Basically, I'm looking for an efficient way (in terms of coding effort) to present a list of pairs of Dicts in a human-readable form. In Python 2.7.
I have two lists of OrderedDict
. Each dict is a record of book data (title, author etc). One list has messy data (typo's etc), the other has tidy data. I'm using difflib.SequenceMatcher
to find the closest match of untidy titles, to tidy ones. That works nicely.
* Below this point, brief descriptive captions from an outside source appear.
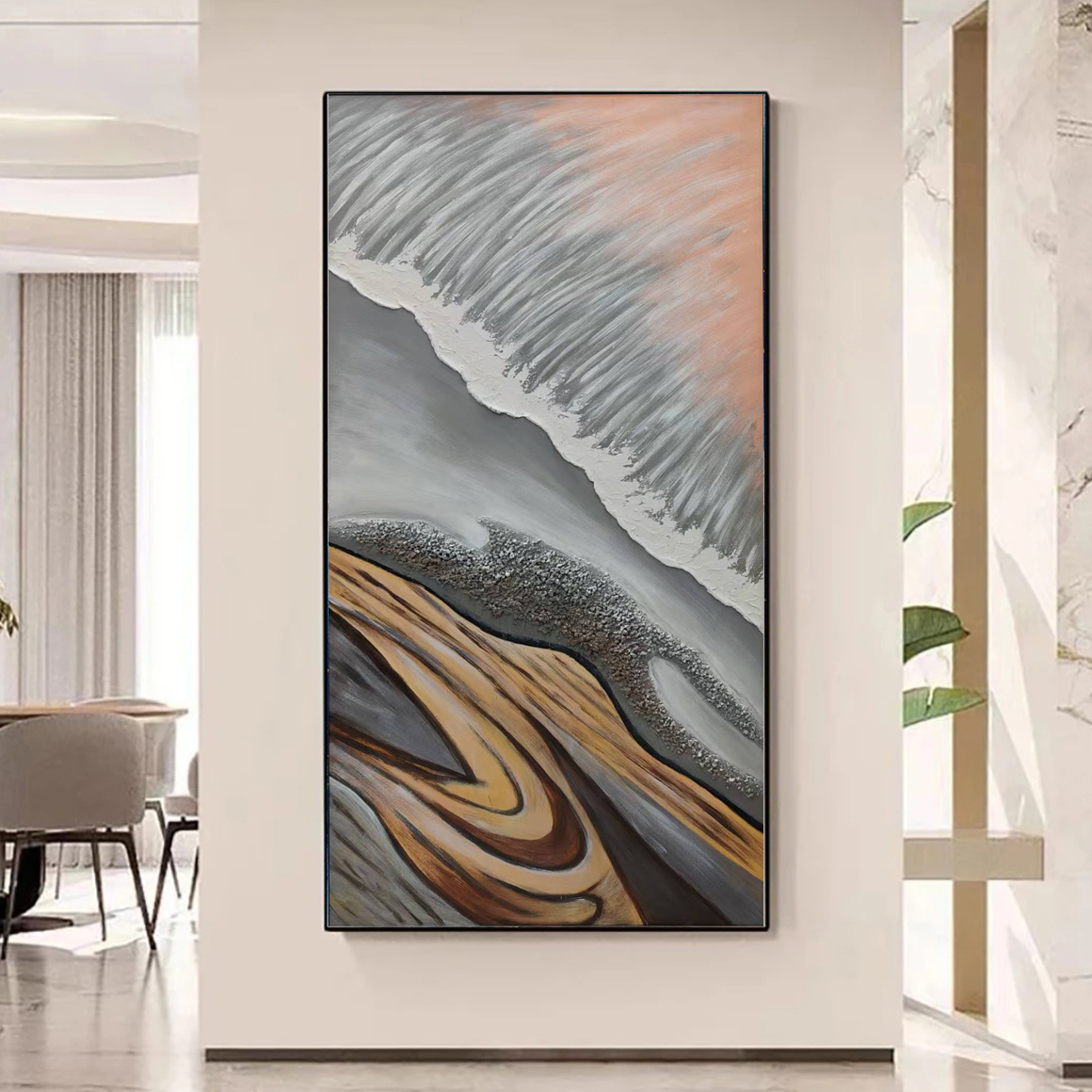 石来运转︱手绘油画客厅装饰画沙发背景墙挂画背景画竖版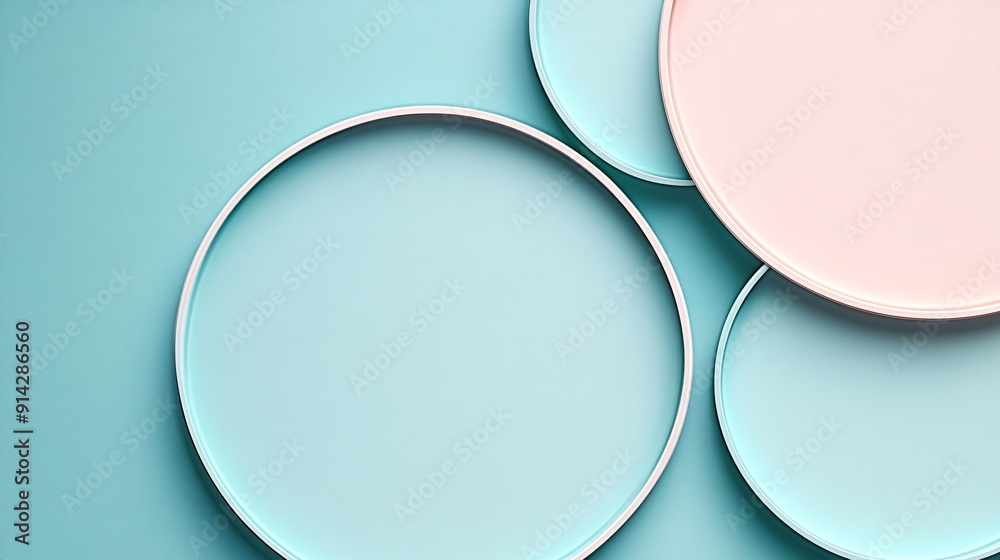 Poster detailed flat lay of abstract geometric shapes in pastel tones offering a minimalistic design perfec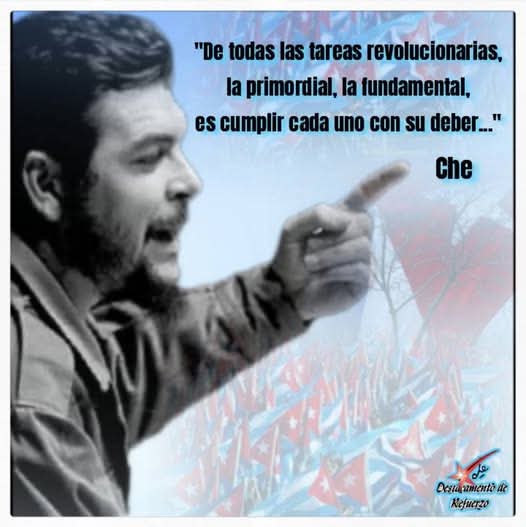 EloylvarezMart1's tweet image. " De todas las tareas revolucionarias, la primordial, la fundamental, es cumplir cada uno con su deber ..." #Che siempre junto a la vigencia del pensamiento y obra de #Fidel, que guían a #IndustriasCuba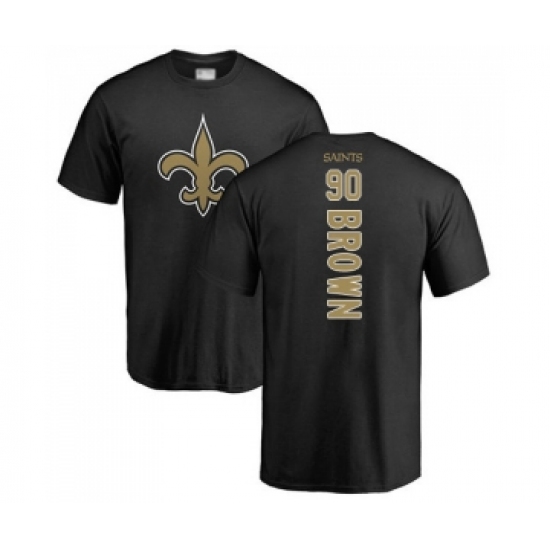 Football New Orleans Saints #90 Malcom Brown Black Backer T-Shirt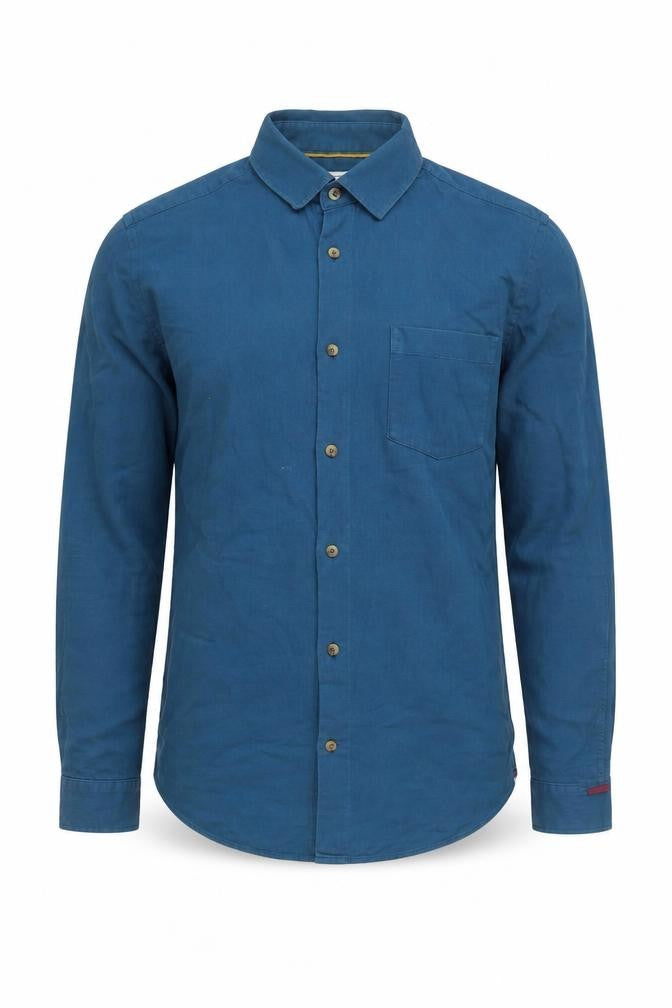 Front view of John Lewis Men's Blue Cotton Casual Button-Up Shirt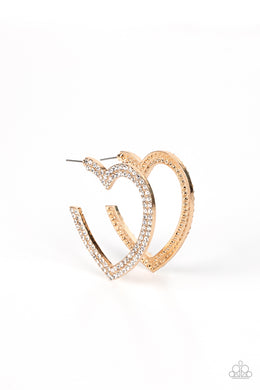 AMORE to Love - Gold (Heart White Rhinestone) Earring freeshipping - JewLz4u Gemstone Gallery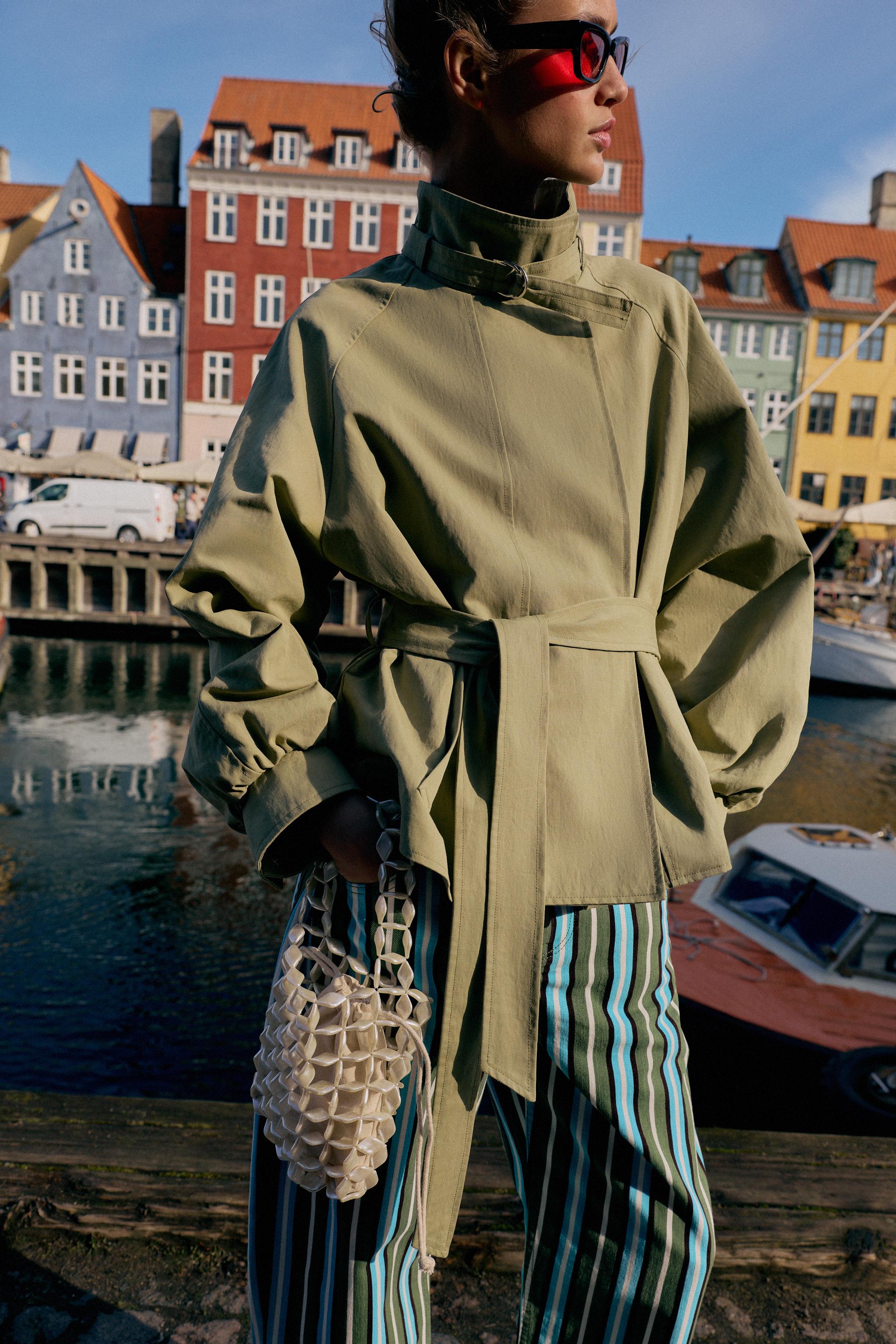 High-Neck Jacket With Belt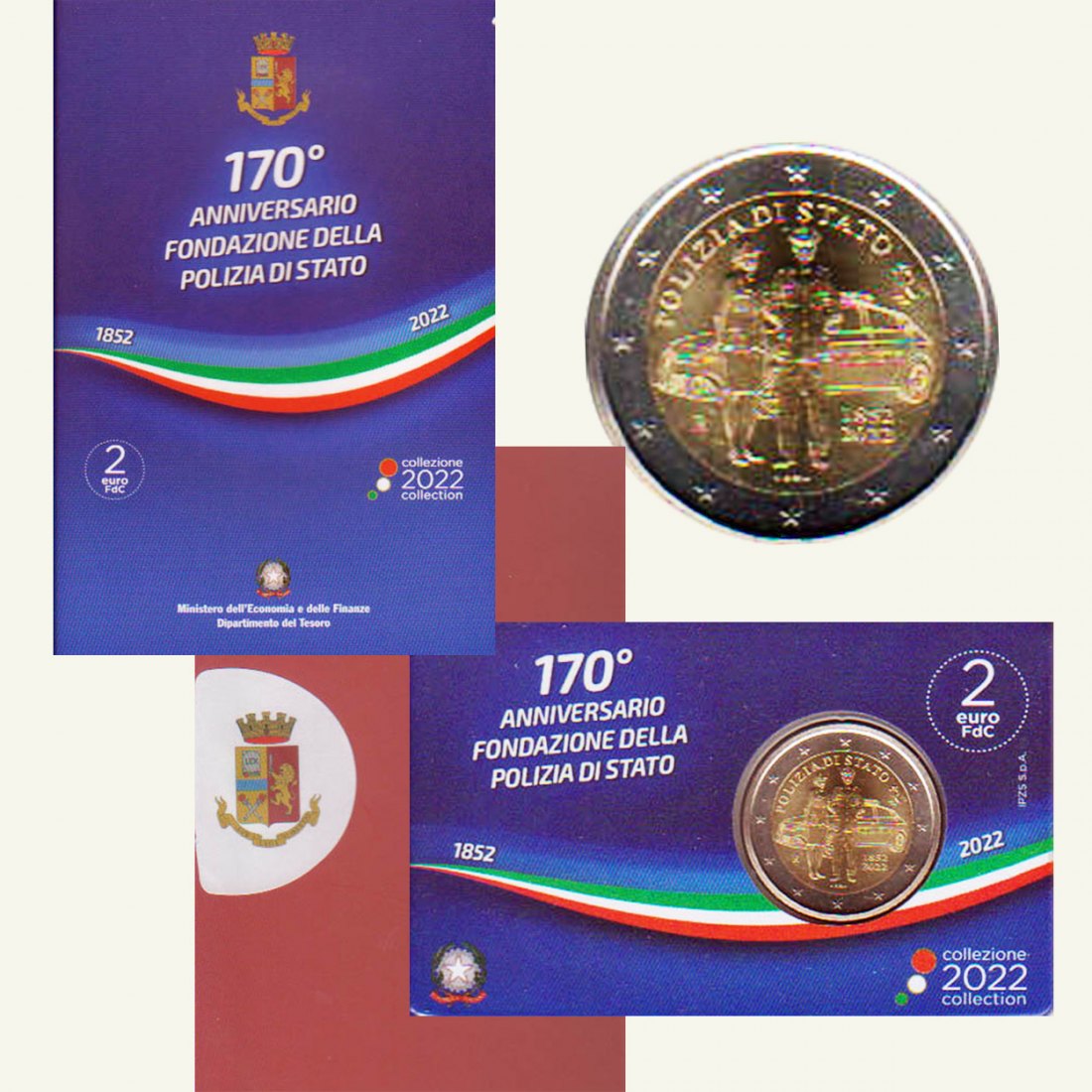  Offiz. 2-Euro-Sondermünze Italien *170 Jahre Staatspolizei* 2022 nur 20.000St!   
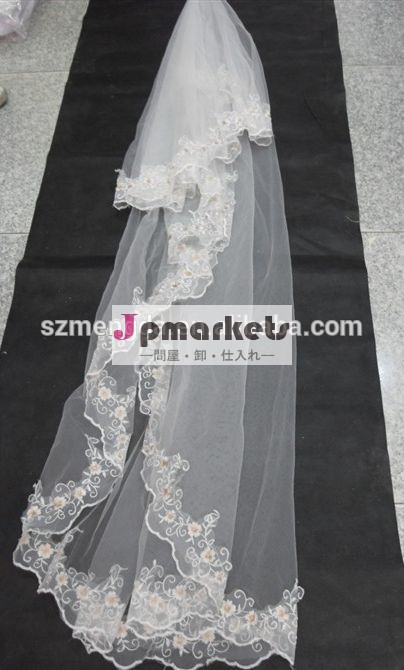 レディース新しい大聖堂の結婚式のベールのレース刺繍ロングveil2014ブライダル問屋・仕入れ・卸・卸売り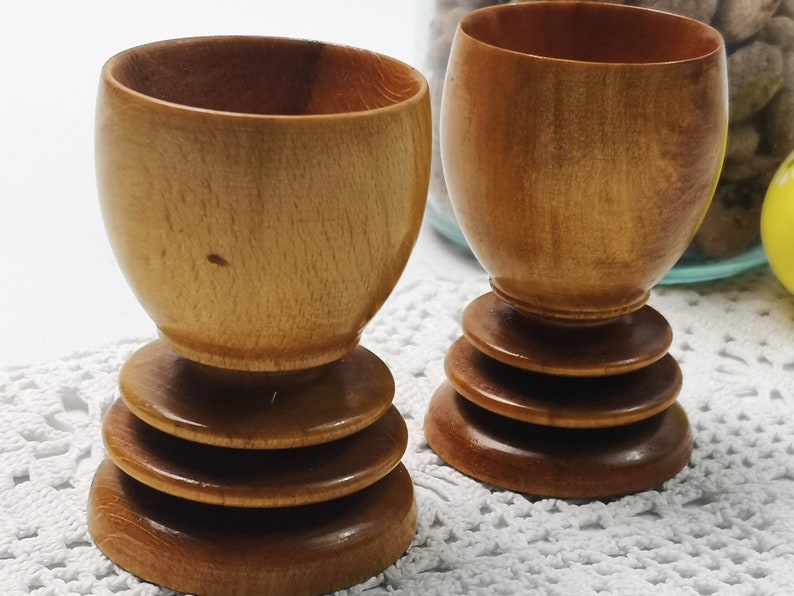 2 old wooden egg cups / hand-turned / natural product / boho image 3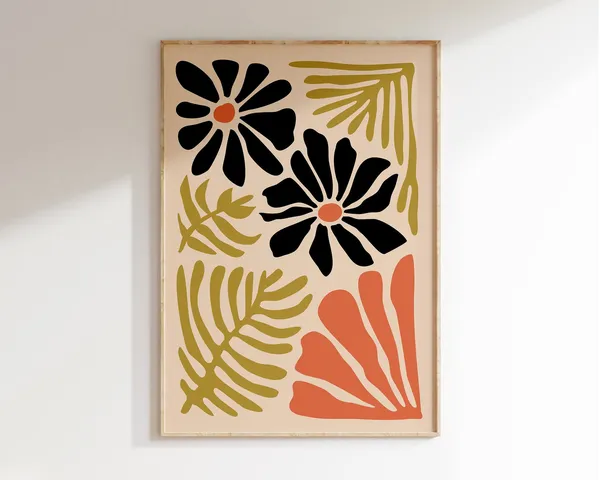 Abstract Boho Flowers, Matisse-Inspired Art Print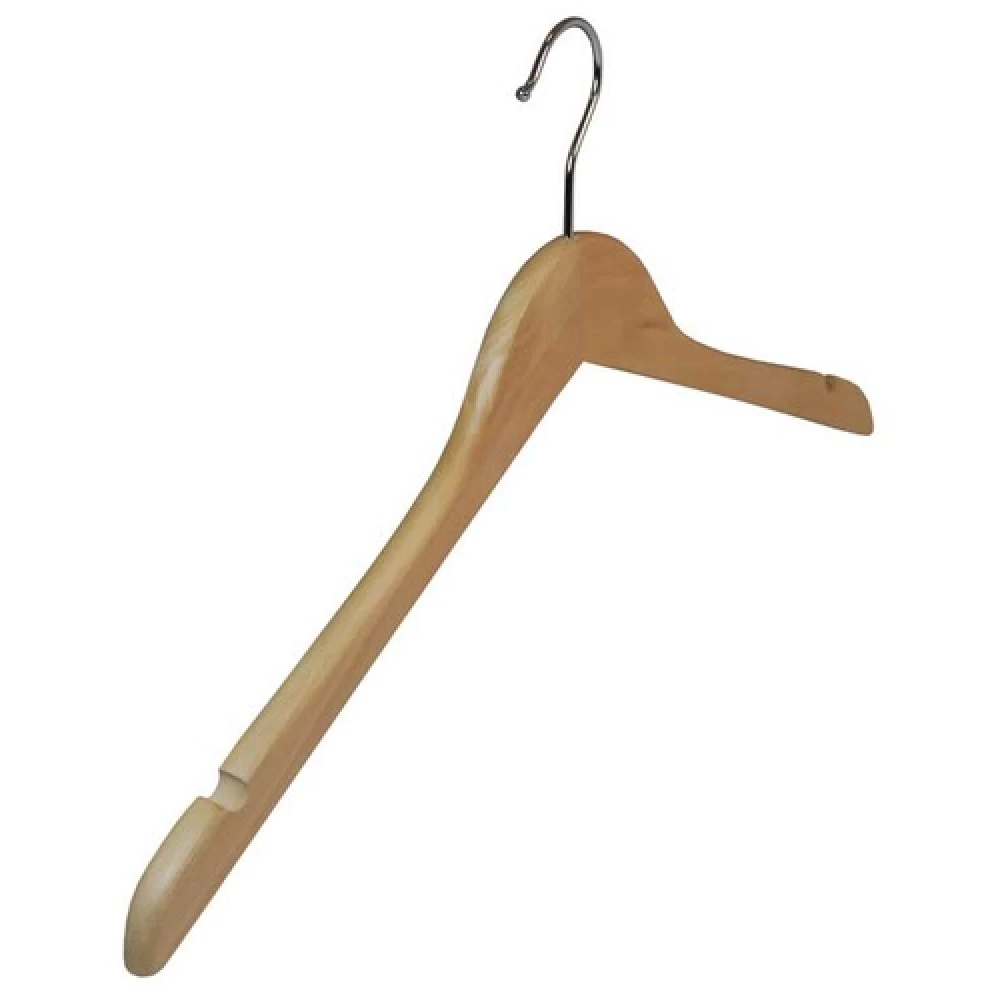 Angled Wooden Coat Hanger With Notches 44cm (Box of 100) 52035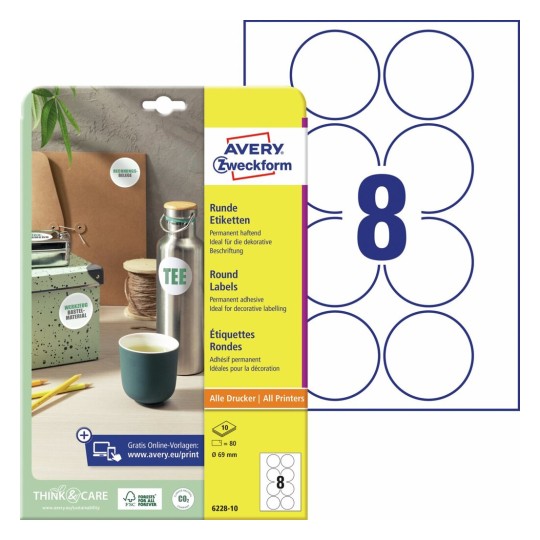 Ronde productetiketten 6228-10 Inhoud: 80 Etiketten / 10 Vellen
It gives me a list of pairs of dicts, namely each untidy dict to it's closest matching tidy one. Those pairs need to be reviewed, pair by pair, by humans. So I want to output each pair to the screen, showing the untidy and the tidy dict side by side, each in it's own panel. Each dict may have a varying amount of additional fields, eg. co-author, publisher, date, etc.
difflib.HtmlDiff
doesn't really do what I want.
Exporting to Excel (via CSV) is not ideal, because data isn't flat. (One line in excel will have a different number of fields than another). Likewise for Google Refine, I think that's more oriented towards tabular data.
Call me lazy, but Tkinter or XML/HTML seem to be overkill. It's just a once-off exercise.
I'm not familiar at all with JSON nor YAML, maybe I should look there?
Any better suggestions?
I have this hunch that I haven't found the right search terms yet.